Web 2.0 is great for people seeking a friendly online community, but in the bottom line world of business the best plan is to stick with service-oriented architecture projects with the potential to make money.
That was the concluding caveat offered by Richard Monson-Haefel, senior analyst at Burton Group Inc., this week in a telebriefing entitled, "Web 2.0: An Architecture of Participation." He defined Web 2.0 as applications using Ajax and rich Internet application technology to allow end users to actively participate in creating content for a Web site. However, the irony of the title was the analyst's caveat that corporate IT departments do not have much place for participation in Web 2.0.
"I don't think there's a good business model for Web. 2.0," Monson-Haefel told his listeners. However, corporate developers may find ways to make use of individual Web 2.0 applications, such as wikis and blogs, for internal use inside their organizations, he said. But he does not see a way that a developer or architect would make a convincing case for a profitable Web 2.0 application unless they are in the social networking business or have a business plan for starting the next YouTube.
Monson-Haefel borrowed Alan Greenspan's epithet for the 1990s high tech bubble to characterize the excitement surrounding Web 2.0 as "irrational exuberance."
"Expectations are just too high," Monson-Haefel told his listeners. "I think it's fairly obvious by now that we're seeing way too much investment and way too many startups around the Web 2.0 theme at this point.

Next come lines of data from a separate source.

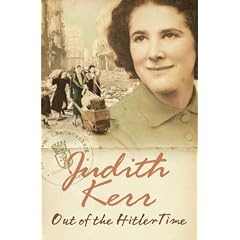 Out of the Hitler Time: When Hitler Stole Pink Rabbit, Bombs on Aunt Dainty, A Small Person Far Away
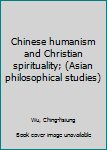 Unknown Binding Chinese humanism and Christian spirituality; (Asian philosophical studies) Book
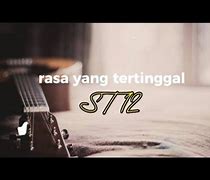 Download Lagu St12 Rasa Yang Tertinggal Mp3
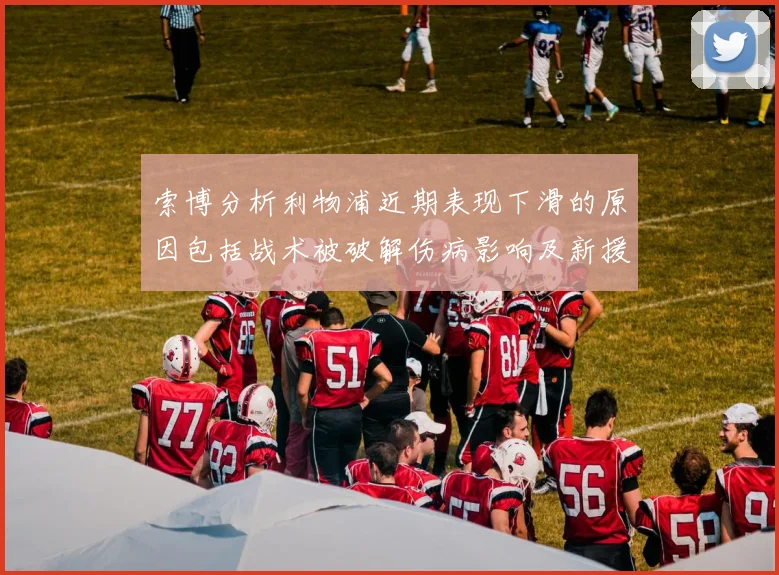 索博分析利物浦近期表现下滑的原因包括战术被破解伤病影响及新援适应期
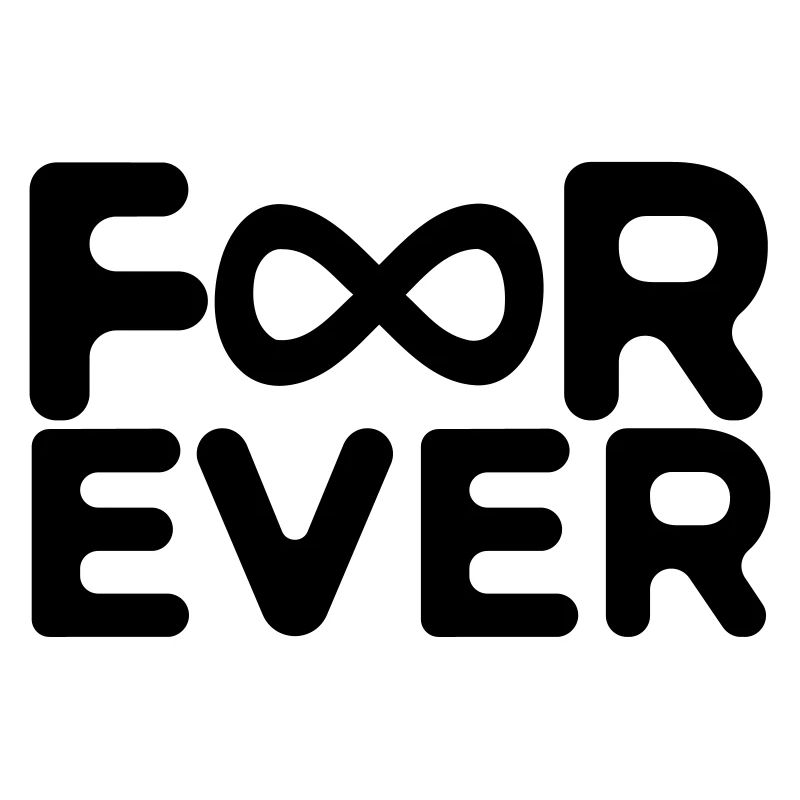 für immer Unendlichkeit forever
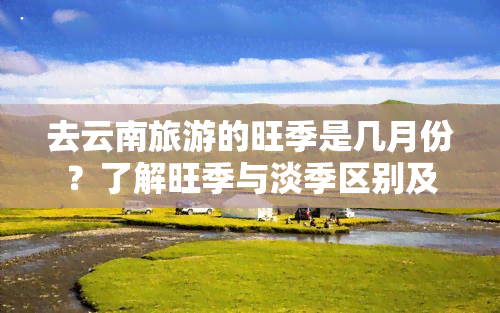 去云南旅游的旺季是几月份？了解旺季与淡季区别及景点价格波动情况！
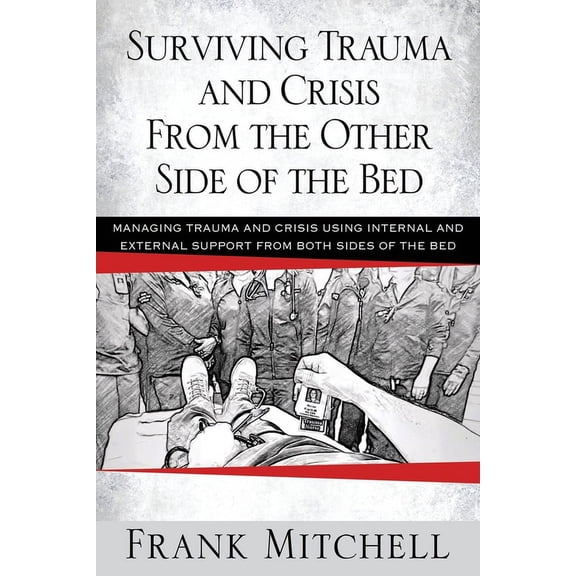 Surviving Trauma and Crisis From the Other Side Of The Bed: Managing Trauma and Crisis Using Internal and External Suppo, (Paperback)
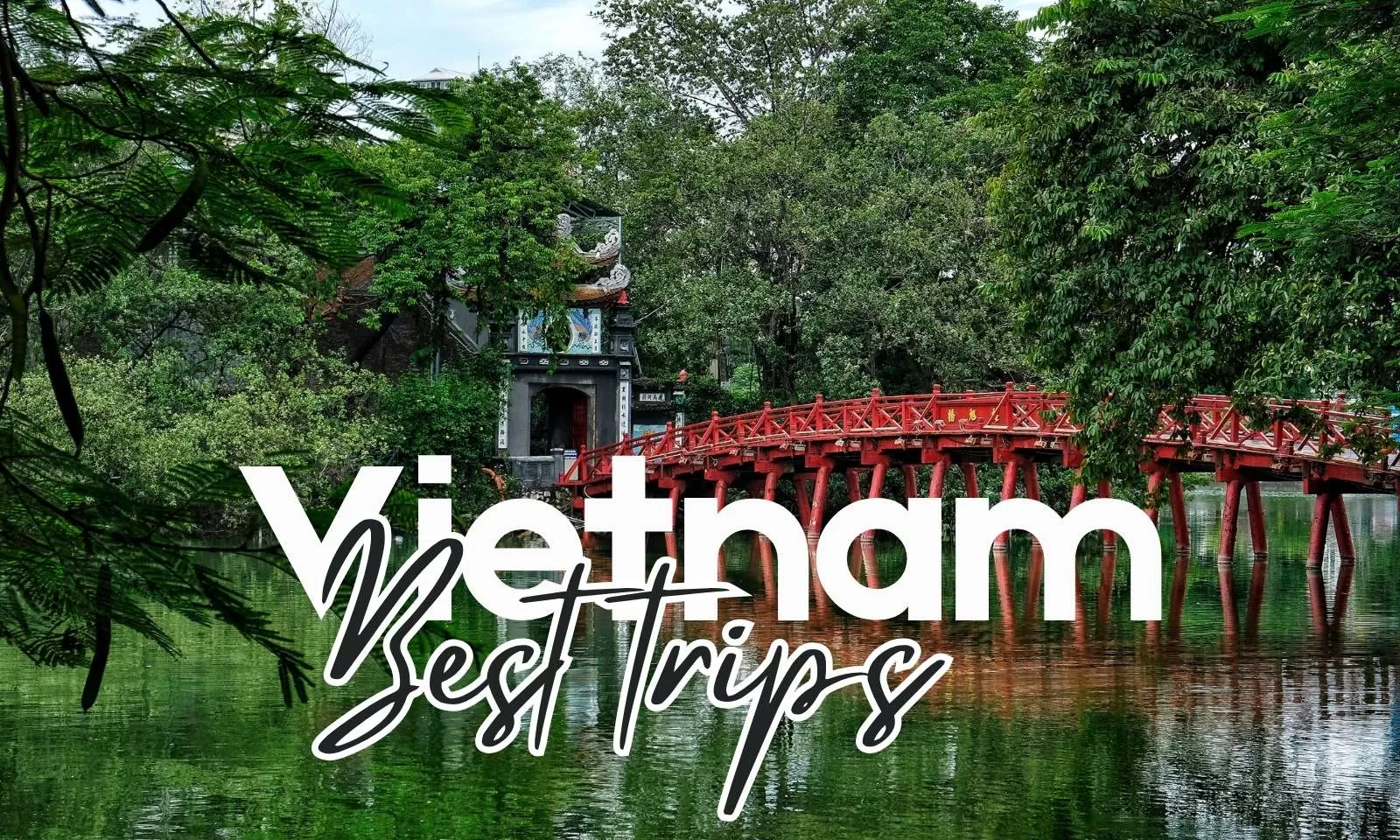 Best trips to Vietnam: Must-see destinations and itineraries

It really hasn't been fleshed out what's going to work and what's not going to work. Unfortunately, I think we're going to see some negative impacts on that."
Monson-Haefel was not saying the Web 2.0 isn't a viable paradigm, just that "the business translation is not clear." It is valuable for IT professionals to know about it, but it probably isn't something they should put on their to-do list.
He noted that the popular Web 2.0 sites such as MySpace operate on the basis of "functional anarchy" where people with divergent points of view, interests and tastes find modes of expression for their creative endeavors or inner passions. But embracing and furthering anarchy on the Web is probably not one of the goals of most CTOs, since most businesses are not comfortable with chaos, he observed.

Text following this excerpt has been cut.